**EXERCISE DATA**.

================================

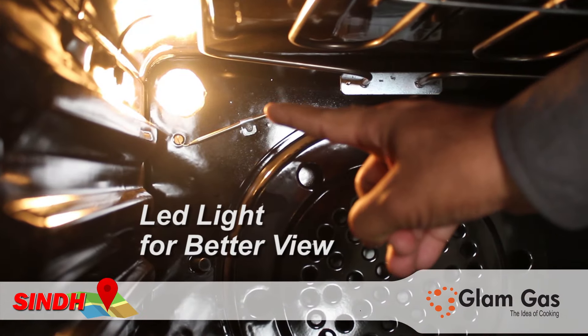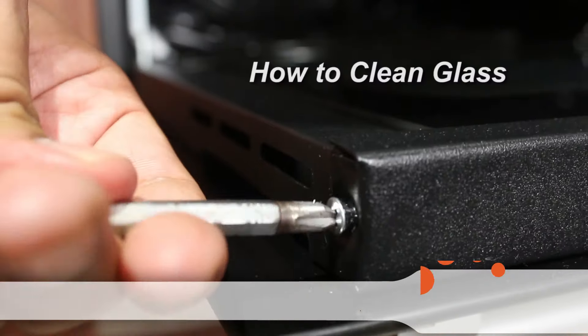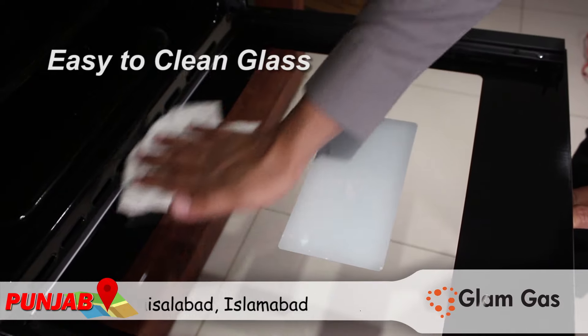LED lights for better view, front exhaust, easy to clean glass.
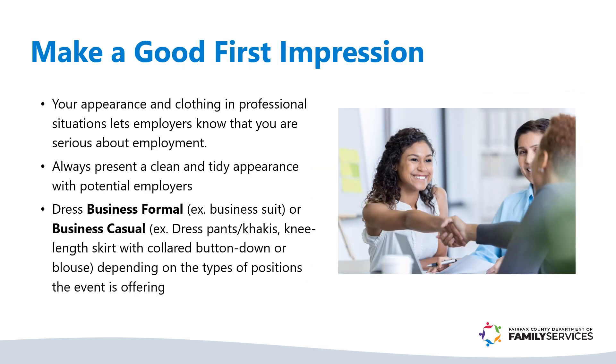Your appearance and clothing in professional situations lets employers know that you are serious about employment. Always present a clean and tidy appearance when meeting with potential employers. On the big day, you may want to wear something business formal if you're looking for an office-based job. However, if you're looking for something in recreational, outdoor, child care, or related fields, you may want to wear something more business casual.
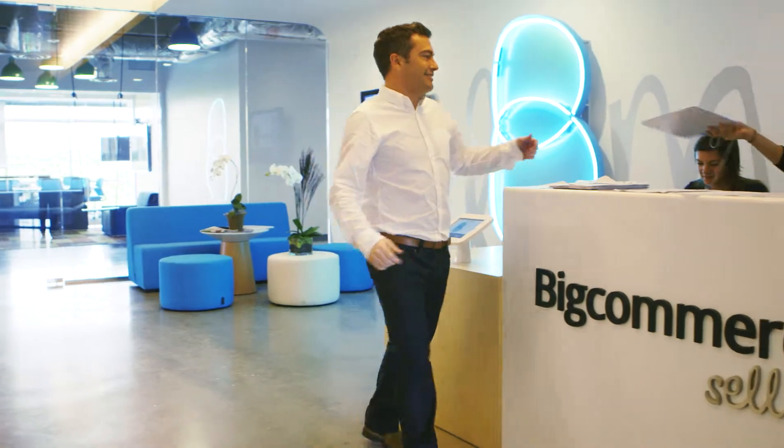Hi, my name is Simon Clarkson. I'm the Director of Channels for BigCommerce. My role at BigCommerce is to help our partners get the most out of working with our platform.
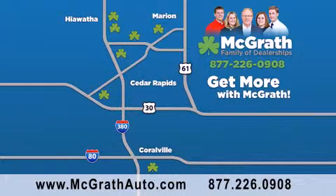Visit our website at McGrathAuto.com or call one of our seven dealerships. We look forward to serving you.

================================

**WORK TO COMPLETE**. An exact copy is needed of only the lines from the top of the material through the line with "Your appearance and"; no pictures belong in it.

**FINISHED TASK**.
LED lights for better view, front exhaust, easy to clean glass.
Your appearance and clothing in professional situations lets employers know that you are serious about employment. Always present a clean and tidy appearance when meeting with potential employers. On the big day, you may want to wear something business formal if you're looking for an office-based job. However, if you're looking for something in recreational, outdoor, child care, or related fields, you may want to wear something more business casual.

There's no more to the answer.